On January 24, 2018, BACKCOUNTRY BBQ competitors arrived ready to compete on Loveland Pass.
At the beginning of the day, everyone was timed finding one of eight buried avalanche beacons using their own equipment, ensuring everyone had functioning avalanche rescue gear. Participants then headed up to the riding portion of the competition. We had a medic, an EMT and a patroller stationed on top with a deadman anchor set in place and large bags of medical supplies. The rescue/first aid team included Brenden Mitchell, Evan Hannibal, Keith Hadyk and Angus Morrison. They acted as starters, making sure we had EYES ON while everyone was riding.
The judges recorded everyone’s time to probe strike a hidden avalanche transceiver. The seven fastest times went to a final round and had to probe strike and dig up the beacon with shovels.

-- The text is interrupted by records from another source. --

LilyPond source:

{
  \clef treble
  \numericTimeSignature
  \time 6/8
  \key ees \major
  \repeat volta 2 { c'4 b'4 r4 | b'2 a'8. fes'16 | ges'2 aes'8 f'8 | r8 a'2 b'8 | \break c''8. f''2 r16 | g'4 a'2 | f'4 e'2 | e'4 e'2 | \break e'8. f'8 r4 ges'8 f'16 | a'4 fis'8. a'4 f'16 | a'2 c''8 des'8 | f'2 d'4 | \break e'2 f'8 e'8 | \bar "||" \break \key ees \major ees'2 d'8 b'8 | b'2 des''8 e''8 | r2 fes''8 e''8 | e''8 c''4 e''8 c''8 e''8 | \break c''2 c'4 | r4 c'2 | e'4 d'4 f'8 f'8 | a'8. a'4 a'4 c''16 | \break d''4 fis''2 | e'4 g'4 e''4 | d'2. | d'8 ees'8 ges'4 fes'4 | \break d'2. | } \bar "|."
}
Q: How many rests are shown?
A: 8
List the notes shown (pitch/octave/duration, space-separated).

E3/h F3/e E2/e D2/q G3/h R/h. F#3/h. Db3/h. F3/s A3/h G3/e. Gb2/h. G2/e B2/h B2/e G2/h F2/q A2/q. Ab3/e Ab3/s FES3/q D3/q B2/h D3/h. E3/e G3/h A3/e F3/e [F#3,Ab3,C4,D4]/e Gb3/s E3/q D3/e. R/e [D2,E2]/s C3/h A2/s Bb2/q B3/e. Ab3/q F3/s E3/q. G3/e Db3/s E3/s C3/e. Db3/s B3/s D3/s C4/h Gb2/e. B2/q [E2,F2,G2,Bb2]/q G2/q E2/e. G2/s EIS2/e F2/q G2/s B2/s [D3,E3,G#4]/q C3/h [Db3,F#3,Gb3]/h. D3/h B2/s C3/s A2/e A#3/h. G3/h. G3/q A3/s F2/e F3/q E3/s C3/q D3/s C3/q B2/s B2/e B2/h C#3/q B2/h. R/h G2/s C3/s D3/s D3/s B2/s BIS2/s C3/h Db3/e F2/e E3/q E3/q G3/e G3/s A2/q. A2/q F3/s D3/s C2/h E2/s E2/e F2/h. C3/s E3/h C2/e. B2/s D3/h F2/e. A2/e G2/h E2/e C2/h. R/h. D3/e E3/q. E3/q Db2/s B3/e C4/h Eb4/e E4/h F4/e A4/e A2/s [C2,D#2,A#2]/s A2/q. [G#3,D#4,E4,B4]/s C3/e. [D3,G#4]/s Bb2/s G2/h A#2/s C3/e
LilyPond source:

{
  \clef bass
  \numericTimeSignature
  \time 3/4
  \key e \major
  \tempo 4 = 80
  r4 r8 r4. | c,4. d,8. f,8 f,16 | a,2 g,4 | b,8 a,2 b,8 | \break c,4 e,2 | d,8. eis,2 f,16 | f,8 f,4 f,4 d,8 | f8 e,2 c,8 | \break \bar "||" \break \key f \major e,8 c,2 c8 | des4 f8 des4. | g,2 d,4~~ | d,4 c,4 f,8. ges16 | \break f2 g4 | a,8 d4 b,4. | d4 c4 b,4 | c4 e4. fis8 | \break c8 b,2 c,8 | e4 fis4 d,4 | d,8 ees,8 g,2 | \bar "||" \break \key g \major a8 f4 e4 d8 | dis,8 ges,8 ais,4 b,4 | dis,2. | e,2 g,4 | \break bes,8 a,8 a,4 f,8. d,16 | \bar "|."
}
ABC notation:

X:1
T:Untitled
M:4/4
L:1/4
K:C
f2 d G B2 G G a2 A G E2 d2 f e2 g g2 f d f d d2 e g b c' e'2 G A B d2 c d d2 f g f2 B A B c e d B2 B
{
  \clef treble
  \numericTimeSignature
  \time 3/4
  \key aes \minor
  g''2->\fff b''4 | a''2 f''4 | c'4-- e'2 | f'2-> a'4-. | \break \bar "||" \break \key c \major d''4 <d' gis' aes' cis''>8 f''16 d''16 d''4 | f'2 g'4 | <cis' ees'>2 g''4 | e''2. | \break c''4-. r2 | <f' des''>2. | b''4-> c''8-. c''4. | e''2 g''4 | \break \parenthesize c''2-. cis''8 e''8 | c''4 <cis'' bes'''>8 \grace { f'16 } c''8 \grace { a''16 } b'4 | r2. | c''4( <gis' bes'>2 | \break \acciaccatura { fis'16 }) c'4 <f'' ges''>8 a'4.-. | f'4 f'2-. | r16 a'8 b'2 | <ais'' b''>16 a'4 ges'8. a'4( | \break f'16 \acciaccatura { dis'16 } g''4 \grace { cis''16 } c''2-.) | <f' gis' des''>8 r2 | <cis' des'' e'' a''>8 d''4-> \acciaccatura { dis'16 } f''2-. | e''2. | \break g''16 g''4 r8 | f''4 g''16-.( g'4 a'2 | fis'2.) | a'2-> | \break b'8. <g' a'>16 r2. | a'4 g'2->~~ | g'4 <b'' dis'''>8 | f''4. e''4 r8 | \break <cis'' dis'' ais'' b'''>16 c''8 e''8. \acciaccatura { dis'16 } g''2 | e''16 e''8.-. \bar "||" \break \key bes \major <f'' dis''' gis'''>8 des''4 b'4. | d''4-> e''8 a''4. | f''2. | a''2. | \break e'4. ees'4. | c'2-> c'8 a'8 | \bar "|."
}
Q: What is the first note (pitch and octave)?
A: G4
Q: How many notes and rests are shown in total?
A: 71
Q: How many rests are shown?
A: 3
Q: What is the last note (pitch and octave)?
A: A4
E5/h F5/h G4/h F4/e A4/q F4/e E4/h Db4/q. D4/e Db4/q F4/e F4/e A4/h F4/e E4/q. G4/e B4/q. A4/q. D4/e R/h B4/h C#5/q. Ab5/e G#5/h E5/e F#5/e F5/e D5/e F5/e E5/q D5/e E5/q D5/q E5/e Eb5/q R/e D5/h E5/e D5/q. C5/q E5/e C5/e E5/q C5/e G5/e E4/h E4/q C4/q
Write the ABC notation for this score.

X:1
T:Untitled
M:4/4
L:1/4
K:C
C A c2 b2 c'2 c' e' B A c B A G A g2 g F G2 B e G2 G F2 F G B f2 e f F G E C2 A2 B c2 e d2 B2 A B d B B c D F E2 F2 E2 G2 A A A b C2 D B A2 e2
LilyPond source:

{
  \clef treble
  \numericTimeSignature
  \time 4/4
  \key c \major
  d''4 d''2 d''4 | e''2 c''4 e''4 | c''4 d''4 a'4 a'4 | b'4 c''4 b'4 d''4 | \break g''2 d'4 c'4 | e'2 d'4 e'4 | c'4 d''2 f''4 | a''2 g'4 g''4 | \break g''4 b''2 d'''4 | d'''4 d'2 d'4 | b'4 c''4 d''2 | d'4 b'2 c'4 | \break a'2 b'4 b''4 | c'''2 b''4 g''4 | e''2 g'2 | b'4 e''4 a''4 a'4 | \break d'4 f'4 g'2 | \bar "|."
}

BACKCOUNTRY BBQ BEACON SEARCH TOP 5:
- Stevo Magana @shredtolive31
- Josh Accetturo @space_kace_ace
- Doug Fletcher @steepsnow
- Shawna Mayo @mayohmy
- Keith Hadyk @keith_hadyk .
We had all the riders vote for their top three runs. We then took the top ten votes and looked at their beacon search time. The competitors with the fastest avalanche transceiver search time and the most rider votes took the top three BACKCOUNTRY BAD ASS AWARDS.
BACKCOUNTRY BAD ASS PODIUM:
- Jake LaRue @jakelarue
- Everette Simmons @everettesimmons
- Zach Griffin @zgriff
Tyler Dewitt and crew send a big ‘Thank You’ to sponsors Backcountry Access, Never Summer, Tailgate Alaska, Pret, Tobe Outerwear and Backcountry United for supporting avalanche safety education and this event. Because of you this was the best BACKCOUNTRY BBQ yet!
Another BACKCOUNTRY BBQ is planned for Mt. Evans, Colorado in early June.